Si a estas alturas aún no le queda claro a qué nos referimos cuando hablamos de neoliberalismo, a pesar de tanta verborrea presidencial, no se preocupe, es un efecto natural de gobiernos que no tienen un compromiso con los más pobres: en lugar de explicarles política, se les engaña. Definamos. El neoliberalismo es, en esencia, una política económica de la clase capitalista en la era del mercado global; por eso toda la dirección de la economía está diseñada, evidentemente, para favorecerla. Y por definición, ninguna política emanada de esta doctrina beneficiará a las clases populares; por ello, el Estado, bajo esta política, abandona sus responsabilidades para con el bienestar de las clases trabajadoras; las instituciones que sirven para darle salud o educación a la población, por ejemplo, son trasladadas a la iniciativa privada. De tal modo que gradualmente los beneficios que procuraba dar el Estado como agua potable, empleo o vivienda, ahora deben adquirirse por la vía del mercado, ahora estos satisfactores dejan de ser un derecho y se convierten simplemente en una mercancía más; y las empresas que ofertan aquellos servicios son las más aventajadas, proliferan negocios de casas donde su única filosofía será la del negocio, no la de bienestar de la gente sin techo, desde luego. Su lógica no es humanitaria, sino la del business. Aunado a ello, la política neoliberal vuelca a las instituciones para que alienten y soporten la prosperidad de la clase adinerada; un ejemplo claro es cuando el Estado "rescata” (subsidia) a los bancos cuando éstos, por su desmedida ambición, quiebran. Les da dinero de los contribuyentes para volver a capitalizarlos. No sólo eso, la obra social tiene una ostensible inclinación empresarial. Los gobiernos no hacen obra pública para los marginados, por el contrario, los abandona, para emplear ese dinero en obras que estimulen las inversiones privadas; en suma, no hay equilibrio en la distribución del gasto social. Además el neoliberalismo crea un marco jurídico que les permita a los capitalistas pagar la menor cantidad de impuestos posible, apoderarse de empresas que antes eran del Estado -empresas paraestatales-, extraer recursos naturales (minas, petróleo, agua, etc.) para prosperidad de sus pingües negocios, entre otras jugosas ventajas.
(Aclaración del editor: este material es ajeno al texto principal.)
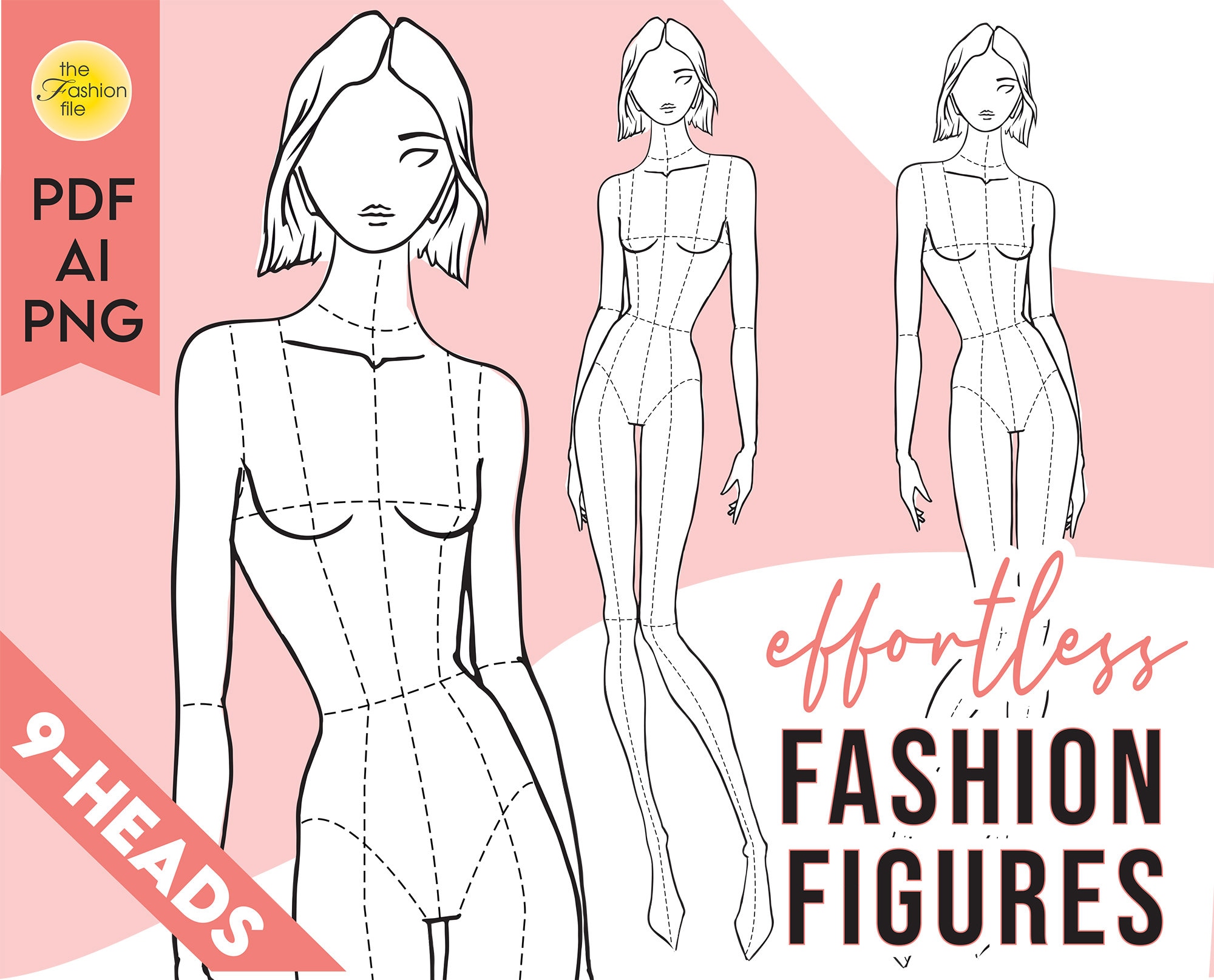 Detail Fashion Sketch Template Female Nomer 26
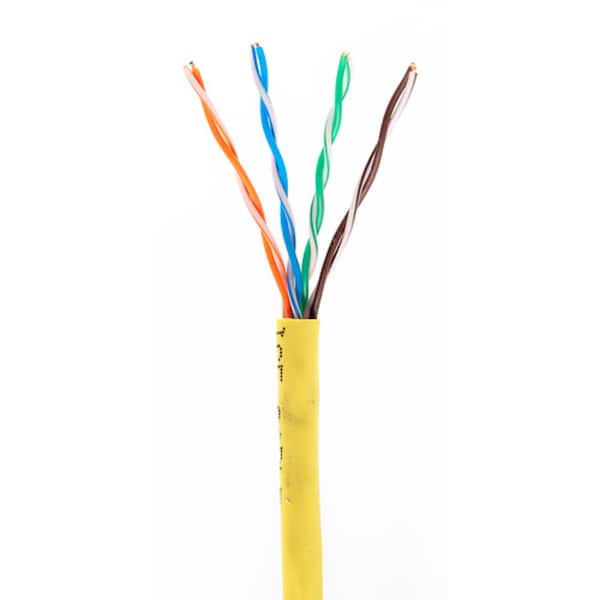 RED ATOM 550 MHz, 1000 ft. 23 AWG 4-Pair UTP Cat6 Data Cable redcat6yellow  The Home Depot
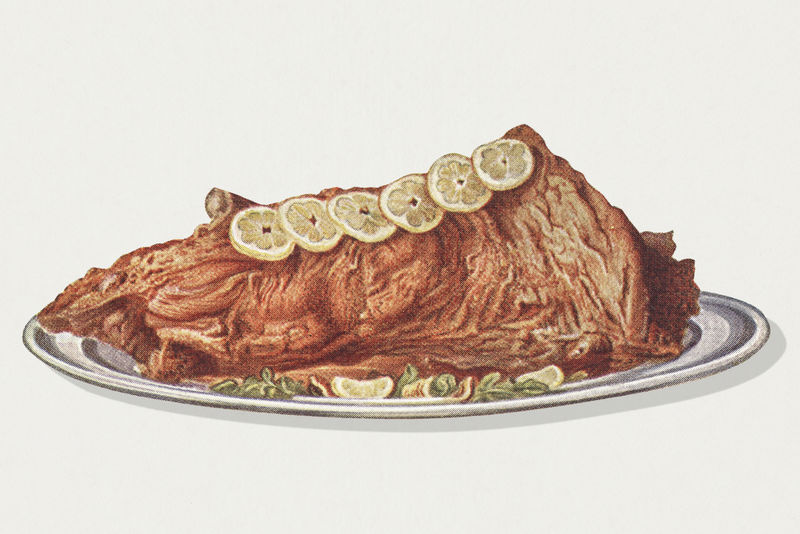 复古鹿肉臀部插图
En pocas palabras, el Estado como ente político regulador de la desigualdad desaparece y se convierte en un llano proveedor de políticas que engorden aún más los bolsillos de los más ricos.
Ahora bien, todo este esbozo nos recuerda indudablemente los dos años de gobierno de López Obrador; su política supuesta de austeridad y el combate a la corrupción ha hecho que el Estado sea más incapaz de atender muchos problemas que, con la pandemia, se han agudizado. El presupuesto para 2021 tiene un sesgo electorero: prioriza obras tan majestuosas como inútiles; derrocha en asistencialismo y en salud el aumento es apenas simbólico. Pero, antes de esto, la actitud neoliberal se hizo palmaria con la llegada de la emergencia sanitaria: ningún tipo de asistencia social efectiva y generalizada. Incluso, si aún queda duda, doloroso es ver el sufrimiento que tienen miles de tabasqueños inundados que han atestiguado el abandono del Gobierno federal. En suma, un Estado indolente, incapaz y, eso sí, represor (véase, Ley Nieto).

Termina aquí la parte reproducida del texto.